Proceeds from sale of real property and equipment, which is governed by 2 CFR Part 200.
The federal government provides three options for the expenditure of program income. Each of these three options is illustrated below for a project budget of $100,000, with 80% participation by the federal sponsor and 20% participation by the recipient; program income is estimated to be $10,000.
Using the additive alternative, which also must be specifically approved by the sponsor, program income is used to supplement funds already committed to the project by both the sponsor and the recipient. For research awards, the additive method will apply if no other method is stipulated in the sponsor’s regulations or in the terms of the specific agreement (i.e., this is the default method for research awards).
EXAMPLE: Program Income = $ 10,000
Recipient Share = 20,000
Sponsor Share = 80,000
Total Project Costs = $ 110,000
Using the matching alternative, which must be specifically approved by the sponsor, program income is applied to the recipient share only.
EXAMPLE: Program Income = $ 10,000
Recipient Share = 10,000
Sponsor Share = 80,000
Total Project Cost = $ 100,000
Unless the sponsoring agency’s regulations or the terms of the agreement provide otherwise, the deductive alternative is the option in effect (i.e., the default option), except for research agreements. Under the deductive alternative method, income is applied toward the allowable project costs during the period of the grant to reduce the net cost of the shares of both the federal sponsor and the recipient.
EXAMPLE: Program Income = $ 10,000
Recipient Share = 18,000 (apply 20% of income)
Sponsor Share = 72,000 (apply 80% of income)
Total Project Cost = $ 100,000
The most important factor in correctly accounting for program income is to structure the proposal budget in a way which accurately reflects the intended use of the income.
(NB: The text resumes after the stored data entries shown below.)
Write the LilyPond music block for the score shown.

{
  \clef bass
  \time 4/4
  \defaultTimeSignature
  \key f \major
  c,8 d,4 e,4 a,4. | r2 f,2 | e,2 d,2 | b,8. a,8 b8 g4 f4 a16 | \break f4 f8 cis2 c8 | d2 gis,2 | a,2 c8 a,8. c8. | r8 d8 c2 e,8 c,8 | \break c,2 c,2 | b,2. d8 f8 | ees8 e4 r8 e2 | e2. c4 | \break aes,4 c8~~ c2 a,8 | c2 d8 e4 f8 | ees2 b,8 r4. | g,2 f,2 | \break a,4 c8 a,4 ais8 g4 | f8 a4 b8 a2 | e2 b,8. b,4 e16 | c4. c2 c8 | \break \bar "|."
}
To increase the amount of funds already committed to the project by the sponsor and Rice (additive alternative). For research awards, the additive method will apply automatically unless the sponsoring agency indicates one of the other options in the terms and conditions of the specific award or in their regulations.
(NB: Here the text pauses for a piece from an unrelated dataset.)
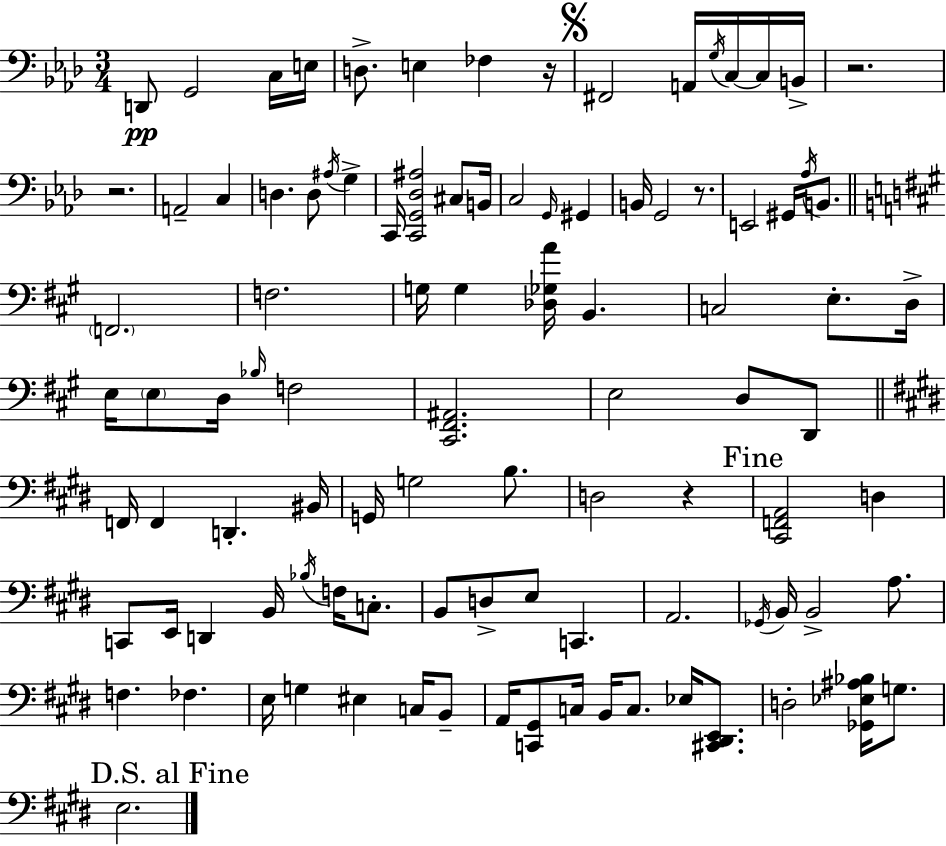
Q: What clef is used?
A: bass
To reduce the Rice's share of the project cost (matching alternative); or
To reduce the total cost of the project (deductive alternative). Under the deductive method, a grantee subtracts program income from total project costs to determine the new allowable costs on which the federal share of costs is based. This is the default method for non-research activities.
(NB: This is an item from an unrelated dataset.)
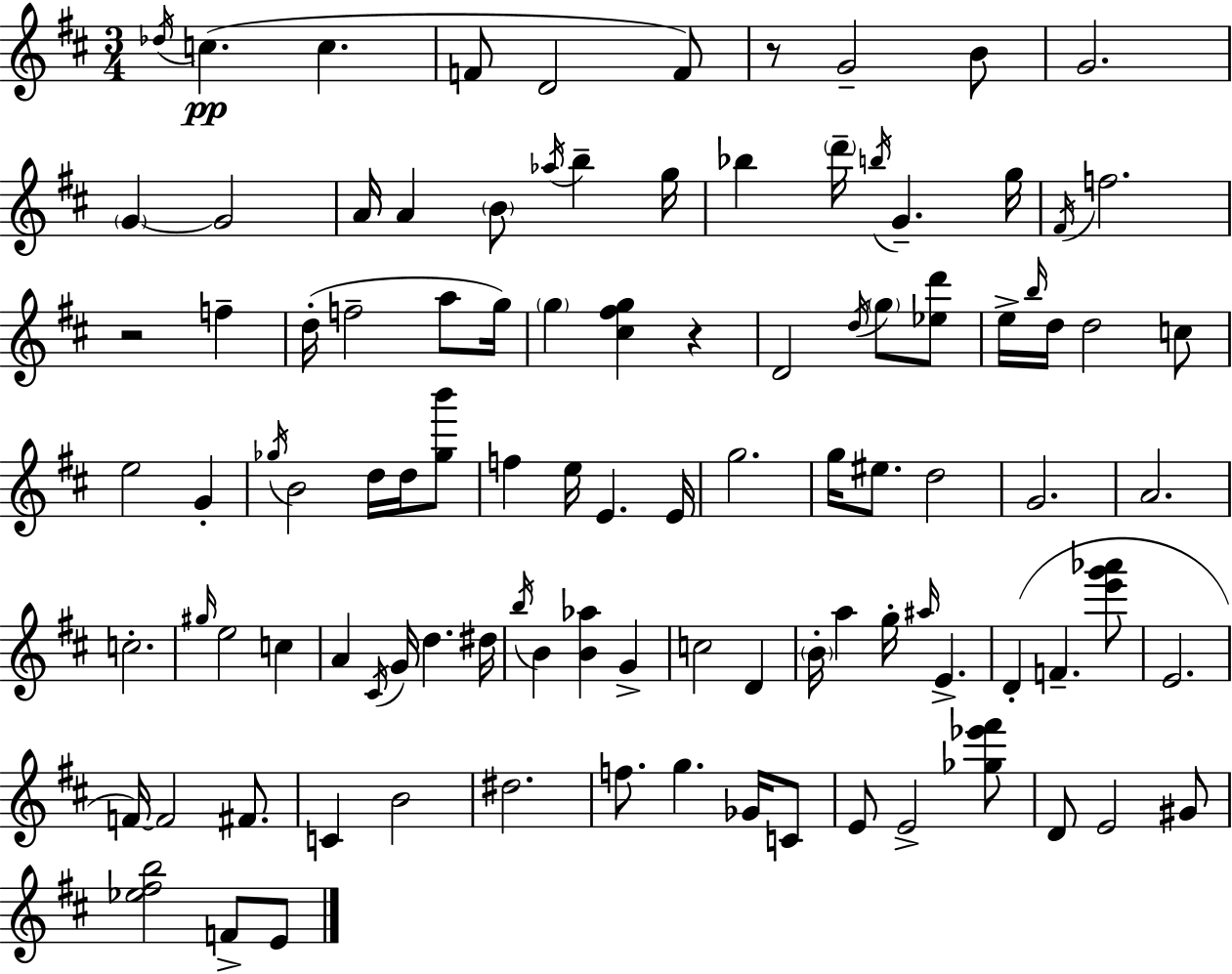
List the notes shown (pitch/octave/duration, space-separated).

The method for using program income detailed in the proposal budget must then be reflected in the award, or the default methods described above will apply. If the sponsor approves either the matching or additive alternatives in the award, Rice must account for any program income in excess of the approved limits in accordance with the deductive alternative, unless the sponsor approves an increase of the limit.
TBD...
As required in the sponsored award, program income is reported to the sponsor annually and/or at the end of the award via a standard financial report (e.g., federal financial report) or a separate program income report (e.g., NSF annual consolidated program income report).
Unless federal sponsoring agency regulations or the terms of an award provide otherwise, Rice has no obligation to the federal government for program income earned after the end of the grant period. In applications for renewal or continuation grants which are generating program income, such income will generally need to be reflected on the grant applications. Check sponsor guidelines for specific requirements.
Recipients shall have no obligation to the federal government with respect to program income earned from license fees and royalties for copyrighted material, patents, patent applications, trademarks, and inventions produced under an award. However, Patent and Trademark Amendments (35 U.S.C.18) apply to inventions made under an experimental, developmental, or research award.